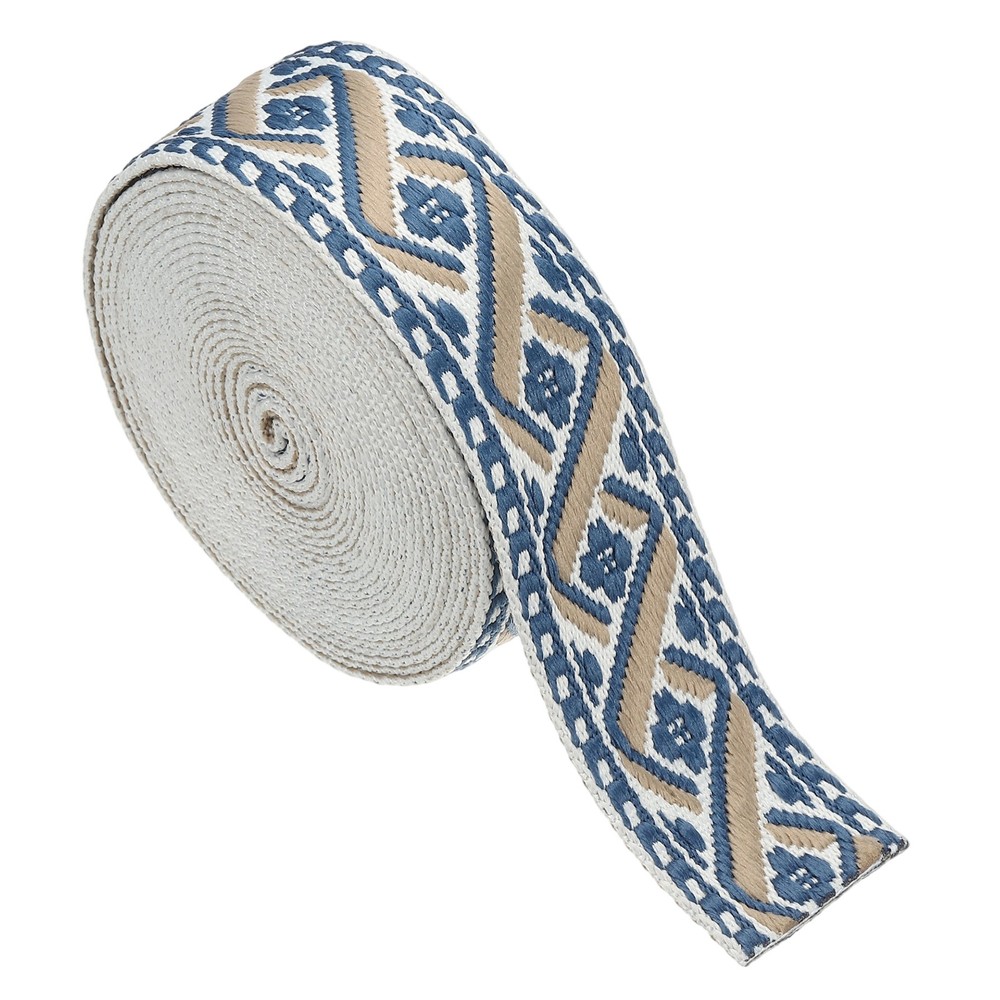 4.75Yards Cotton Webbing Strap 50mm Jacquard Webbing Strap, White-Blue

══════════

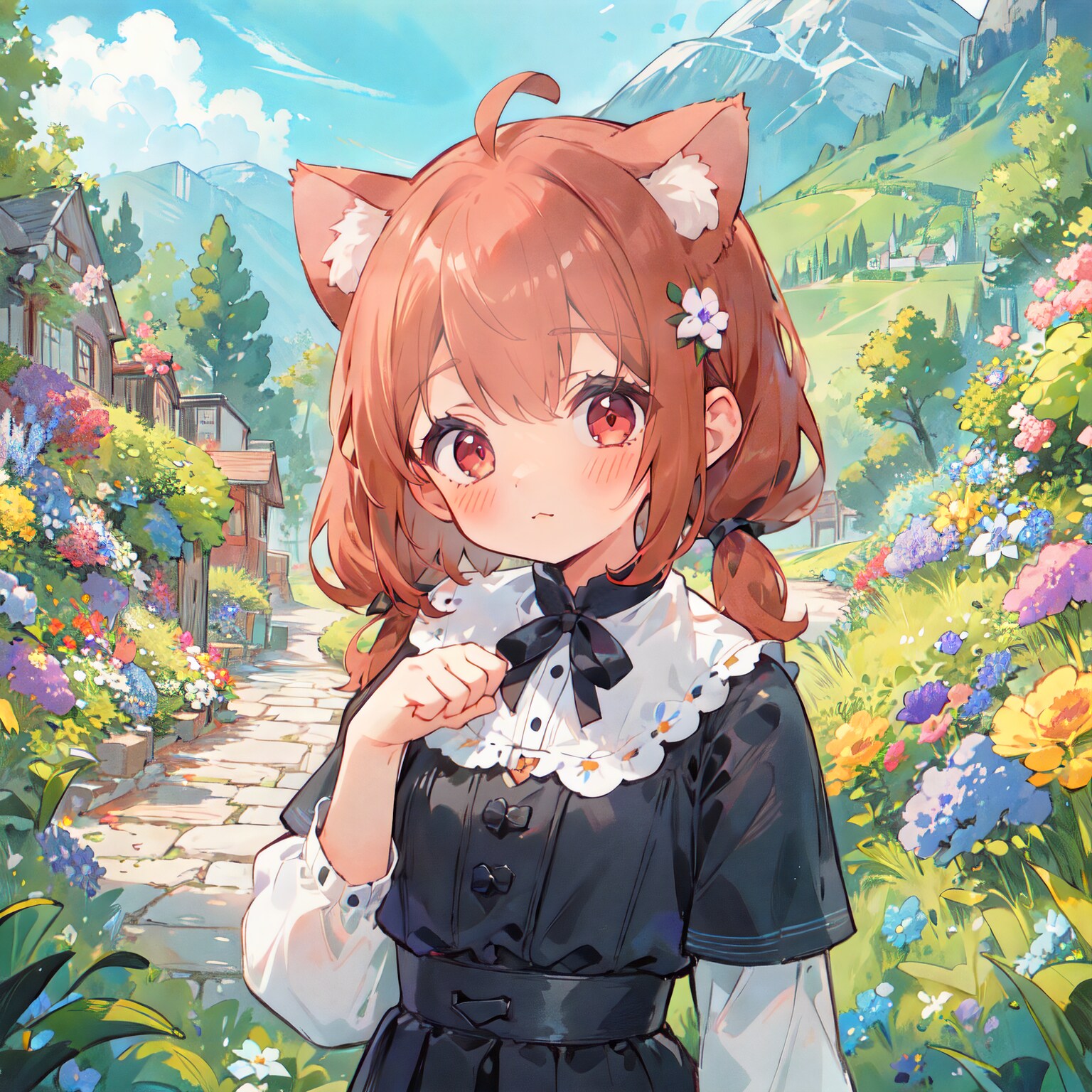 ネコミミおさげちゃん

══════════

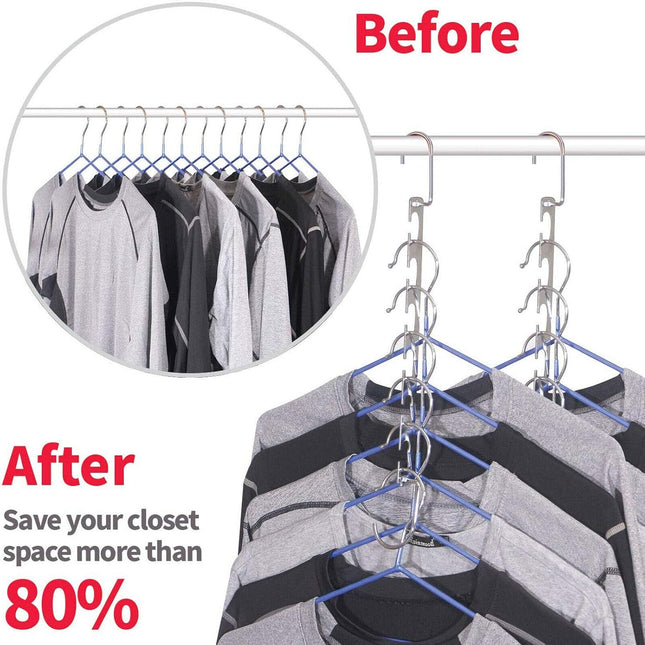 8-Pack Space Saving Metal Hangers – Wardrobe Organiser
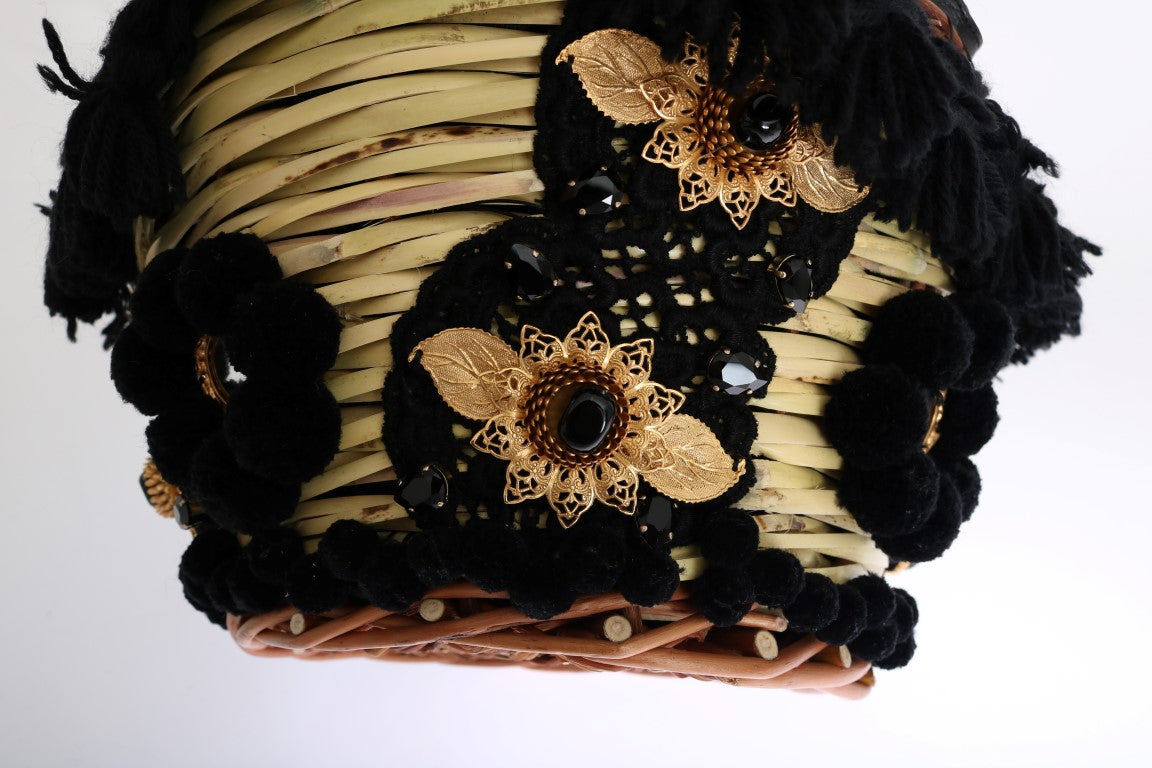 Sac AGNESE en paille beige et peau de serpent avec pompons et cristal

══════════

- [What is expected]: In the listing above, find the line with "8-Pack Space Saving" and the line with "Sac AGNESE en". Transcribe those two and everything between, exactly, leaving out pictures.

- [Output below]:
 8-Pack Space Saving Metal Hangers – Wardrobe Organiser
 Sac AGNESE en paille beige et peau de serpent avec pompons et cristal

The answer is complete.